I’m excited to announce that next month I will be joining 18F, a new team within the United States General Services Administration tasked with improving digital services for the Federal Government and the American people.
I’ve spent my career practicing and advocating for open data. At Stamen my colleagues and I urged our clients to provide us with easy-to-use web services (APIs) into their data, and when they couldn’t find the resources to we built them ourselves. These services were often purpose-made to power “special projects” such as Digg Labs and Trulia Hindsight, so they weren’t necessarily intended to be open. But in at least one notable case (Digg), the services that we designed outlasted the projects for which they were created and became an integral part of the product.
Mike Migurski (then one of my partners at Stamen, now CTO of Code for America) and I brought our technical perspective on open data to Carl Malamud’s Open Government Working Group in 2007. I felt out of my element, and mostly out of shyness I contributed little except for the unofficial Open Government gang sign. But I was inspired by the passion of the other attendees, including Lawrence Lessig, Adrian Holovaty and Dan X. O’Neil from the original Everyblock, Tom Steinberg, and folks from MapLight and the Sunlight Foundation. Until then I had thought of “open data” as a primarily technological problem. This meeting—and Carl Malamud’s tireless crusade to digitize government documents that might as well have vanished from the face of the earth without his efforts—helped me to understand it as a social problem.
My first direct experience with “civic technology” was adapting Oakland Crimespotting for San Francisco in 2009. My colleagues Mike Migurski and Tom Carden had done all of the hard work building the site, API and map over the previous couple of years. All I had to do was fork the Oakland code and make it work with never-before-seen crime report data from the City’s new DataSF portal. Getting crime reports out of Oakland had been a thankless exercise in freeing data that should have been open (and eventually would be), but San Francisco just handed it out for free. About two weeks later, San Francisco Crimespotting went live, and I became its de facto maintainer.

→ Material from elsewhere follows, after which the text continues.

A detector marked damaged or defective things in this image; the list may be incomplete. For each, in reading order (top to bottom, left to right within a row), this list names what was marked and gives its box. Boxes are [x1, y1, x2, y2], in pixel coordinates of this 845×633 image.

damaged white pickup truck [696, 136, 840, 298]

Crimespotting became a calling card for Stamen, and the timing coincided with a particular civic interest of my own. I had been bicycling to work for a couple of years, and my curiosity with how communities could develop better transportation infrastructure led me down the urban planning rabbit hole. I read Streetsblog and The Life and Death of Great American Cities, and I became deeply interested in the often tenuous relationship between citizens and their governments. I attended the first Open Cities conference in DC and was once again inspired by Nick Grossman, Ben Berkowitz, the conference’s organizer and Next City founder Diana Lind, and many of the other passionate speakers and attendees.
But I was also skeptical of technology’s role in civic matters. Crimespotting, while an important stake in the ground for open data and interactive mapping, was problematic because it led many viewers to reach unfortunate conclusions about Oakland and San Francisco, and it reinforced negative perceptions of high-crime areas. Mike put it nicely (emphasis mine):
Just showing crime is relentlessly negative, and seems to really draw out the kind of graffiti-squad neighborhood busybodies who focus solely on little problems. A near-universal reaction from non-residents to this particular project has been relief that they don’t live in Oakland, but it’s really not that bad here. It just looks bad when all you show is crime. We’d like to map other things: city services (police, fire, emergency), tax parcels, effects of policy, other administrative information that’s hugely important.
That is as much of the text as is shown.